▸ TASK BRIEF
Return only this: the line with "Luxe Villa |" and all the lines that follow it below, through the final one, exactly as they are.

▸ TASK INPUT
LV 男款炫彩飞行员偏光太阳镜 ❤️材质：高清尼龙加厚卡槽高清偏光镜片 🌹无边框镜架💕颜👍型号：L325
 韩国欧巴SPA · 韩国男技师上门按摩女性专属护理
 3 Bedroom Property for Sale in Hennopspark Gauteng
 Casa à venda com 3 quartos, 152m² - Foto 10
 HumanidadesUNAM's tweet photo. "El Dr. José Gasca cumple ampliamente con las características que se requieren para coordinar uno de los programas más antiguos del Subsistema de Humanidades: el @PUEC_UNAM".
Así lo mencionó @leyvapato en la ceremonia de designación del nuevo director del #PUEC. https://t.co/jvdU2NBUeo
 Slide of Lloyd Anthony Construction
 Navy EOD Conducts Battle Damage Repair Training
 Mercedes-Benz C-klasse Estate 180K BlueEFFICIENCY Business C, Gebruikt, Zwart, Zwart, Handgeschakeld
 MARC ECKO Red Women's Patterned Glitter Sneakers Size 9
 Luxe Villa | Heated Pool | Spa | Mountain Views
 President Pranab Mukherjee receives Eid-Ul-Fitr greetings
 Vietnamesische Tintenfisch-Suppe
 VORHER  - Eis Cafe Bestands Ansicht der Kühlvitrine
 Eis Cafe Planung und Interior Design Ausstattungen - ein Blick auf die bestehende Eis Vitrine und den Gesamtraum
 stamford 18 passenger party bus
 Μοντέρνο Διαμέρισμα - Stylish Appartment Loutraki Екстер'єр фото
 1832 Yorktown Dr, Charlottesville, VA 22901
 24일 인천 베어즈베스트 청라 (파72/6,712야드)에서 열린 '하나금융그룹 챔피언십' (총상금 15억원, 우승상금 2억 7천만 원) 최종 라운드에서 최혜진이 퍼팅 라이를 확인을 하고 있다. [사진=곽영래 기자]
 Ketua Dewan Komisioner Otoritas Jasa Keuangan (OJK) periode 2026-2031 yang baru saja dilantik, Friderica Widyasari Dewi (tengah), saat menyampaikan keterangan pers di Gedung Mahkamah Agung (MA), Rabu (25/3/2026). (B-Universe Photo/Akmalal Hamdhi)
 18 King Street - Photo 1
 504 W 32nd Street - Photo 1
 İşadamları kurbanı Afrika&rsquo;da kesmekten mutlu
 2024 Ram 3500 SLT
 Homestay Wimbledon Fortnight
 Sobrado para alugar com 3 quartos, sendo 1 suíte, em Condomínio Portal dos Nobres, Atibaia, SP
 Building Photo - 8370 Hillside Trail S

▸ FINISHED EXERCISE
 Luxe Villa | Heated Pool | Spa | Mountain Views
 President Pranab Mukherjee receives Eid-Ul-Fitr greetings
 Vietnamesische Tintenfisch-Suppe
 VORHER  - Eis Cafe Bestands Ansicht der Kühlvitrine
 Eis Cafe Planung und Interior Design Ausstattungen - ein Blick auf die bestehende Eis Vitrine und den Gesamtraum
 stamford 18 passenger party bus
 Μοντέρνο Διαμέρισμα - Stylish Appartment Loutraki Екстер'єр фото
 1832 Yorktown Dr, Charlottesville, VA 22901
 24일 인천 베어즈베스트 청라 (파72/6,712야드)에서 열린 '하나금융그룹 챔피언십' (총상금 15억원, 우승상금 2억 7천만 원) 최종 라운드에서 최혜진이 퍼팅 라이를 확인을 하고 있다. [사진=곽영래 기자]
 Ketua Dewan Komisioner Otoritas Jasa Keuangan (OJK) periode 2026-2031 yang baru saja dilantik, Friderica Widyasari Dewi (tengah), saat menyampaikan keterangan pers di Gedung Mahkamah Agung (MA), Rabu (25/3/2026). (B-Universe Photo/Akmalal Hamdhi)
 18 King Street - Photo 1
 504 W 32nd Street - Photo 1
 İşadamları kurbanı Afrika&rsquo;da kesmekten mutlu
 2024 Ram 3500 SLT
 Homestay Wimbledon Fortnight
 Sobrado para alugar com 3 quartos, sendo 1 suíte, em Condomínio Portal dos Nobres, Atibaia, SP
 Building Photo - 8370 Hillside Trail S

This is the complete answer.